No case fans ETC, but i'm getting a new case somewhere in the future with 2 case fans mounted on it.
I don't have the stock cooler, but i have the Scythe mugen 3.
Here are the temperatures of my PC when idle:









Looks pretty cool right?

I hope some people can point me in the right direction as i never overclocked before.

If possible i also like to overclock my GPU a little bit using ati overdrive but i don't know if it really has an impact on long terms.


----------



## Johnny1982 (Oct 15, 2010)

*Re: Overclocking the AMD athlon II X4 640*

I'm not an AMD expert, but your CPU and GPU temps look good under idle the main thing is what are they like at 100% load by running Prime95 or OCCT and posting a screenshot then from HWMonitor. You'll need to get case fans, one intake in the front and one exhaust at the back, as your harddrive's temps are a little high at 40c. 
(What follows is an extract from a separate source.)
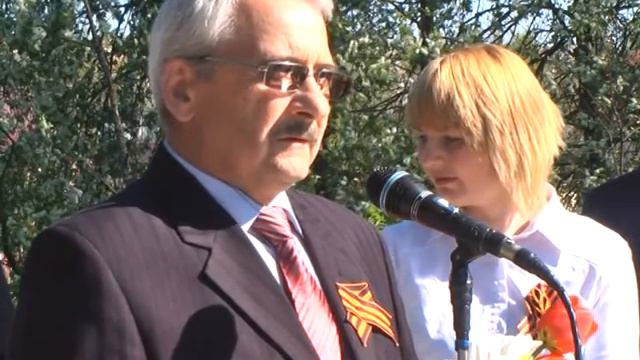 Праздник со слезами на глазах. Представители ДОКа вместе с учащимися 4-ой школы отметили День Побед смотреть онлайн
When loading your CPU and GPU watch the 12v line that it does not dip below 11,4v as that is then below the 5% tolerance for PSU rails. Yours is already at 11,77v which is a little low but could increase and normalize under load. The XFX Pro is a good PSU, just a cautionary measure to look out for. How old is your XFX Pro PSU?


----------



## marco473 (Feb 12, 2011)

*Re: Overclocking the AMD athlon II X4 640*



Johnny1982 said:


> I'm not an AMD expert, but your CPU and GPU temps look good under idle the main thing is what are they like at 100% load by running Prime95 or OCCT and posting a screenshot then from HWMonitor. You'll need to get case fans, one intake in the front and one exhaust at the back, as your harddrive's temps are a little high at 40c.
> 
> When loading your CPU and GPU watch the 12v line that it does not dip below 11,4v as that is then below the 5% tolerance for PSU rails. Yours is already at 11,77v which is a little low but could increase and normalize under load. The XFX Pro is a good PSU, just a cautionary measure to look out for. How old is your XFX Pro PSU?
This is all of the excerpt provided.